There is an interesting report in the Guardian this morning (P1 &4) – or click here for the online version – “ADHD drugs increasingly prescribed to treat hyperactivity in pre-schoolers”.
It reports that more than a fifth of educational psychologists say they know of pre-school children who are being given medication in order to treat hyperactivity even though guidelines recommend other methods should be tried first.
136 educational psychologist were surveyed. The survey, found there was an “intolerance of difference”, so children not conforming to the norm were increasingly being seen as having something wrong with them.
What is the norm? When does ‘not conforming to the norm’ become developing a personality, or being creative?
I’ve always tried to avoid the use of the term, ‘normal child’. I’m not sure ‘normal children’ exist – and would we want them to?
I am in no way condoning bad behaviour – when I teach, or lead a school, I have the highest expectations of children. But are we trying to produce robots, who do not challenge and do not push boundaries?

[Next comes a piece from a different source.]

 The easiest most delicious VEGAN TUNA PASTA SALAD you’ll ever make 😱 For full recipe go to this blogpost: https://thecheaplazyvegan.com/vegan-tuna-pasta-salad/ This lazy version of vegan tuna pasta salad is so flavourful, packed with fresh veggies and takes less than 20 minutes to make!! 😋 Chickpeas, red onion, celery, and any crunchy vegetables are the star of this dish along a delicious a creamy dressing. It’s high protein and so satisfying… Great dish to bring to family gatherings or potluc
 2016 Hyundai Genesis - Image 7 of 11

I am not an expert in parenting (although I am a parent!), but I do know that consistency is key with children – clear, understandable rules and boundaries are necessary – but so are the rewards and sanctions that go with them. Children will always break rules, but they need them. They need to know what will happen as a result of breaking them, but also what will happen if they follow them.
In teaching, I promote the ‘2 positives for every negative’ approach. If a child is doing something wrong, praise 2 others before addressing the negative behaviour. This certainly makes you feel better as an adult, but also promotes the right type of behaviour for a child. Do we get the balance right in all circumstances with our children? Is there a common approach, consistency – do parents, schools, pre-schools, or whoever has access to our children, have the same expectations and language?

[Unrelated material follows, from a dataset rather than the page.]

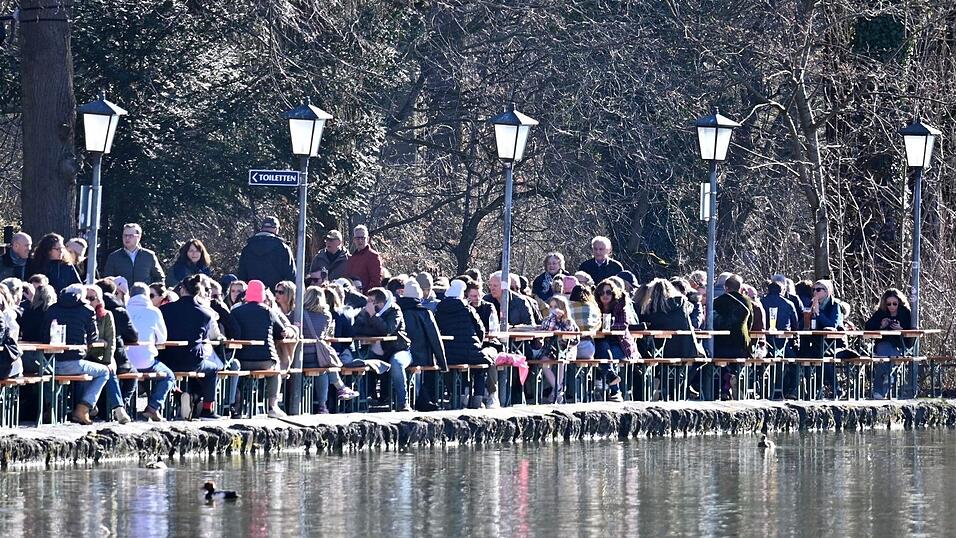 Die Zahl der Betriebe in der bayerischen Gastronomie ist vergangenes Jahr &uuml;berraschend leicht angestiegen. (Archivbild)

We also need to engage children. How many children are seen as ‘hyperactive’ or ‘badly behaved’ because they are bored and under-stimulated? Let’s make sure we give children something to do and that what we do give them excites them and engages them.
I am not saying that doing this is the answer for all hyperactive children, or that there is no such thing as hyperactivity – I am not medically qualified to say this. But I am saying that a few simple steps could support and enhance the upbringing of any child, hyperactive or not.
So, my top-tips:
- Set clear boundaries – and stick to them
- Establish clear rewards for doing the right thing
- Have clear, appropriate sanctions – nothing major – the focus has to be on the positive
- Issue the reward / sanction instantly – not hanging over to later in the day, or the next day
- Every day is a fresh start – no holding grudges for something that happened yesterday
- Limit (not ban) screen time
- An outdoor activity every day – even if it’s cold or raining – “There’s no such thing as bad weather, just bad clothing.“
- Quality sleep – set bedtime routines (children and adults!)

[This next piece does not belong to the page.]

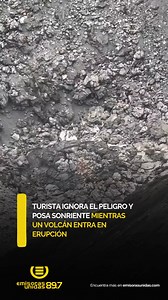 276K views · 2.5K reactions | Un turista escaló el volcán Dukono, en Indonesia, y justo al llegar a la cima, el coloso entró en erupción. El hombre grabó el momento y compartió el video en redes sociales, donde rápidamente se viralizó. Afortunadamente, salió ileso, aunque su acción generó debate, pues ignoró las advertencias de seguridad. El Dukono, activo desde 1933, es conocido por sus constantes explosiones y emisión de ceniza. | Emisoras Unidas | Facebook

- Good diet – balanced meals, 5+ fruit & veg per day
- Calm music in the background – not TV noise in the background
Sir Ken Robinson has an interesting comment on ADHD in this video clip – the whole video is superb and well worth watching, with the ADHD reference coming at 3 minutes 37.
Oh and by the way, I certainly do not always get it right with my own children – but they are ‘OK’ – are they ‘normal’? Well, as mentioned above, what is the norm? They are fun to be with, engaged, creative, inquisitive and sparky – this is very different to being hyperactive – And I like the way they are!